3. Hybrid Bi-LSTM and RBM approach
The present research has developed an innovative Bi-LSTM-RBM framework, which exhibits a remarkable ability to identify and monitor objects in underwater effectively. The Bi-LSTM-RBM approach encompasses a sequence of procedures, including converting videos into frames, data augmentation, delineating key segments through clustering, feature extraction based on Resnet 101, prediction based on Bi-LSTM-RBM, and classification. Upon successfully identifying the objects, they undergo a subsequent conversion process to be reinstated as tracked video. Fig 1 depicts the block structure of the UOD approach using Bi-LSTM-RBM. The video undergoes augmentation and is subsequently segmented into multiple temporal sections, wherein the variance between sequential segments is determined. Subsequently, the disparity metric is employed to quantify similarity, and the optimal value for K is determined by applying the shot boundary detection technique for clustering. Subsequently, a key segment near the cluster’s centre is selected from each group or sequence and employed for similarity determination via the employment of RBF. The methodology extracts discriminative and salient features from object spectrography through a transfer learning approach within the second primary module. More specifically, the feature learning process is contributed. The acquired characteristics are subjected to normalization to enhance the performances utilizing the standard deviation and mean. In the preceding phase, the extracted normalized CNN characteristics are utilized as input to the proposed deep BiLSTM-RBM to acquire knowledge of temporal patterns and identify the sequential data within the sequence while analyzing subaquatic entities.
3.1. Pre-processing
Traditionally, data pre-processing was conducted before data augmentation techniques were implemented. The visual representations underwent pre-processing measures, including, but not limited to, resizing, orientation adjustment, and colour correction. Using pre-processing techniques accelerates the procedure of model inference and effectively mitigates the duration of model training. If the input images have a significantly large size, reducing their size will considerably decrease the training time of the model while still maintaining its performance. They are employed on both practice and testing sets. Image augmentation was solely implemented on the training dataset, where the augmentation generates novel training instances from the pre-existing training instances. "To augment the training, a data augmentation process was implemented." Data augmentation approaches were initially applied to mitigate overfitting and expand the data set size. This study utilizes data augmentation techniques, including rotation, translation, and flipping, to substantially expand the total images contained within the training dataset. Furthermore, input images undergo rotation at disparate angles in rotation-based data augmentation, namely 90◦, 180◦, and 270◦. The input images undergo a flipping process whereby they are mirrored both horizontally and vertically.

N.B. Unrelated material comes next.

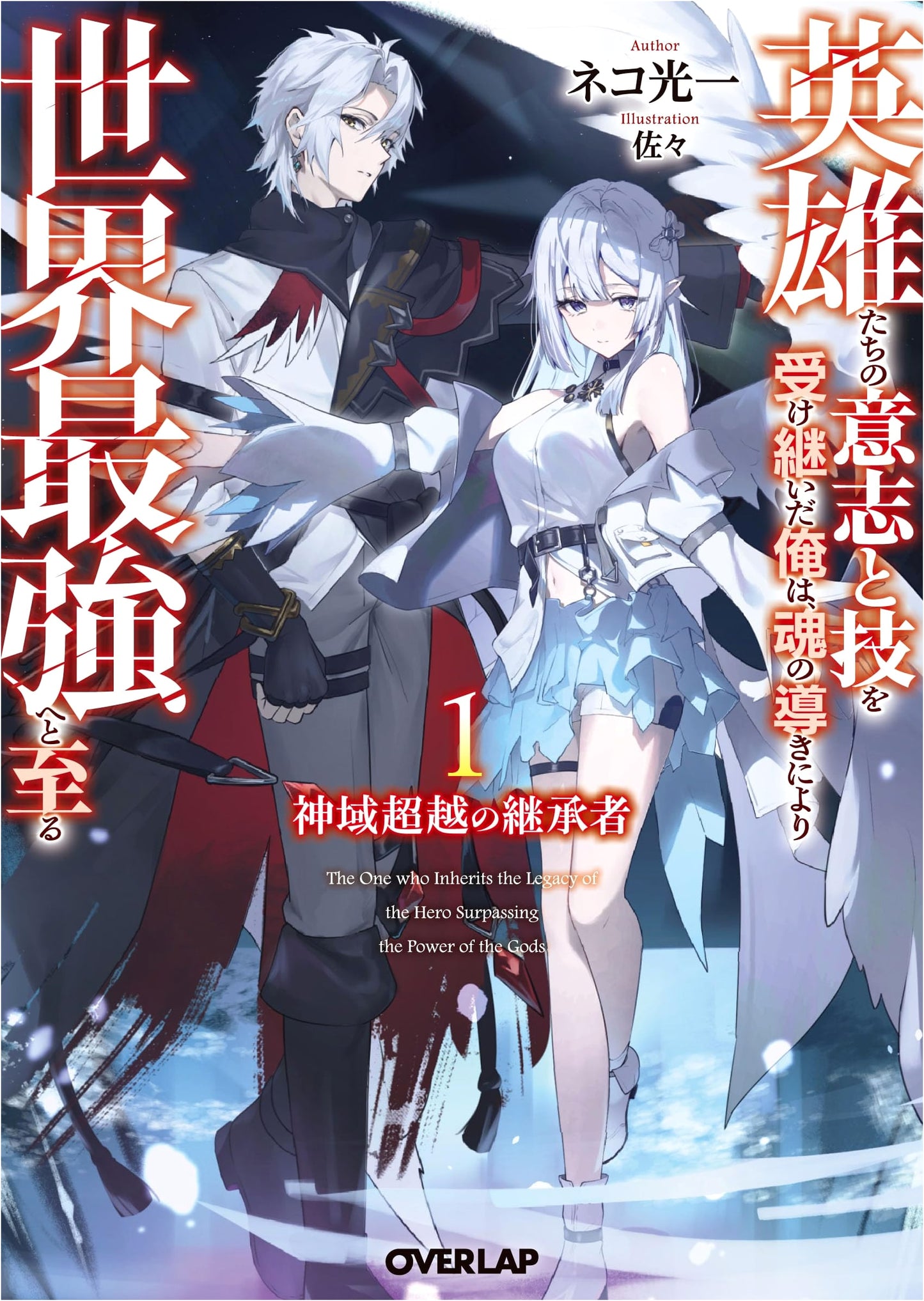 Heir to the Transcendent Divine Realm Vol. 1: Inheriting Heroes' Will to Become the World's Strongest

Following data augmentation, several observations were conducted on various frame durations to effectively determine the optimal window size of 500ms for segmenting a single into multiple segments. A singular label was apportioned to all the segments within the observations and subsequently inputted into the K-mean clustering algorithm [27] to group similar segments. The K-mean clustering algorithm is a highly prevalent technique for segregating large datasets [28]. The conventional approach in the K-mean clustering technique for determining dissimilarities among elements involves the utilization of the Euclidean distance matrix [29, 30]. In this study, the RBF was utilized as a replacement for the Euclidean distance matrix in the K-means algorithm to calculate the dissimilarity measure between two frames. The Radial Basis Function (RBF) methodology has been employed as a non-linear technique, resembling the functioning of the human cerebral cortex, for computing variances and identifying patterns. The proper consideration of the "K" value to partition data into "K" clusters is an equally crucial aspect to be considered.
The K-means utilizes a random initialization approach to determine the appropriate variable `K’ values. However, a more dynamic approach is achieved through the shot boundary detection method, enabling the choice of the optimal `K’ values for individual files. This method estimates similarity and has been documented in [31]. The calculation of the pairwise difference occurs within sequential frames, whereby an increase in value exceeding the predetermined threshold results in the incremental addition of one unit to the variable denoted as "K." Upon applying the K-mean algorithm for segment clustering, one key segment is chosen from each cluster that closely approximates the cluster centroid, as determined through the utilization of the RBF distance approach outlined in the subsequent sections. The identified crucial elements are transformed into spectrograms utilizing the STFT approach to facilitate their two-dimensional representations.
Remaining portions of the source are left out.